Task prompt. All the data should be printed again exactly as written.

Data section.
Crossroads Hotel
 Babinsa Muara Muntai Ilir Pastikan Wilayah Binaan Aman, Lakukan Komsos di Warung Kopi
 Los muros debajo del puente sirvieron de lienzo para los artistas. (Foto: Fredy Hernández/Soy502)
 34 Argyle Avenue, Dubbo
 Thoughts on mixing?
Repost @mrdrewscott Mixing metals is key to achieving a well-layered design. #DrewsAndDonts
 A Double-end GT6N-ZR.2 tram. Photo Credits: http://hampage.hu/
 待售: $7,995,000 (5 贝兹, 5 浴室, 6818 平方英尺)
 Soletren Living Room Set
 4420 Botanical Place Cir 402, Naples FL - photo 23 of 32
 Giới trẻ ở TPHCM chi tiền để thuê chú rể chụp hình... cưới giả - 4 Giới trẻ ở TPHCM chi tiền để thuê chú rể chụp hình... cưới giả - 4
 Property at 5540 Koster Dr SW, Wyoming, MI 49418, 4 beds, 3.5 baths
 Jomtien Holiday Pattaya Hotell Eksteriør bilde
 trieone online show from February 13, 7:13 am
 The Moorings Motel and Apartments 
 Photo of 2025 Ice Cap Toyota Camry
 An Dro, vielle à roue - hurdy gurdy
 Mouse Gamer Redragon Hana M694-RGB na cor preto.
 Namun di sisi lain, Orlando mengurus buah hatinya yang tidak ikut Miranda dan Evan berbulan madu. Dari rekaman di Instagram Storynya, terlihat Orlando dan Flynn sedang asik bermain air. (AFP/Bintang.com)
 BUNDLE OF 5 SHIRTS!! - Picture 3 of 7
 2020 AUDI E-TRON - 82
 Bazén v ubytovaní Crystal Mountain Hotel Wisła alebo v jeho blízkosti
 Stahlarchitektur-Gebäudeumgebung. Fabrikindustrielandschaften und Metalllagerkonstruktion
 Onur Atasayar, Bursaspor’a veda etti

Solution to the exercise.
Crossroads Hotel
 Babinsa Muara Muntai Ilir Pastikan Wilayah Binaan Aman, Lakukan Komsos di Warung Kopi
 Los muros debajo del puente sirvieron de lienzo para los artistas. (Foto: Fredy Hernández/Soy502)
 34 Argyle Avenue, Dubbo
 Thoughts on mixing?
Repost @mrdrewscott Mixing metals is key to achieving a well-layered design. #DrewsAndDonts
 A Double-end GT6N-ZR.2 tram. Photo Credits: http://hampage.hu/
 待售: $7,995,000 (5 贝兹, 5 浴室, 6818 平方英尺)
 Soletren Living Room Set
 4420 Botanical Place Cir 402, Naples FL - photo 23 of 32
 Giới trẻ ở TPHCM chi tiền để thuê chú rể chụp hình... cưới giả - 4 Giới trẻ ở TPHCM chi tiền để thuê chú rể chụp hình... cưới giả - 4
 Property at 5540 Koster Dr SW, Wyoming, MI 49418, 4 beds, 3.5 baths
 Jomtien Holiday Pattaya Hotell Eksteriør bilde
 trieone online show from February 13, 7:13 am
 The Moorings Motel and Apartments 
 Photo of 2025 Ice Cap Toyota Camry
 An Dro, vielle à roue - hurdy gurdy
 Mouse Gamer Redragon Hana M694-RGB na cor preto.
 Namun di sisi lain, Orlando mengurus buah hatinya yang tidak ikut Miranda dan Evan berbulan madu. Dari rekaman di Instagram Storynya, terlihat Orlando dan Flynn sedang asik bermain air. (AFP/Bintang.com)
 BUNDLE OF 5 SHIRTS!! - Picture 3 of 7
 2020 AUDI E-TRON - 82
 Bazén v ubytovaní Crystal Mountain Hotel Wisła alebo v jeho blízkosti
 Stahlarchitektur-Gebäudeumgebung. Fabrikindustrielandschaften und Metalllagerkonstruktion
 Onur Atasayar, Bursaspor’a veda etti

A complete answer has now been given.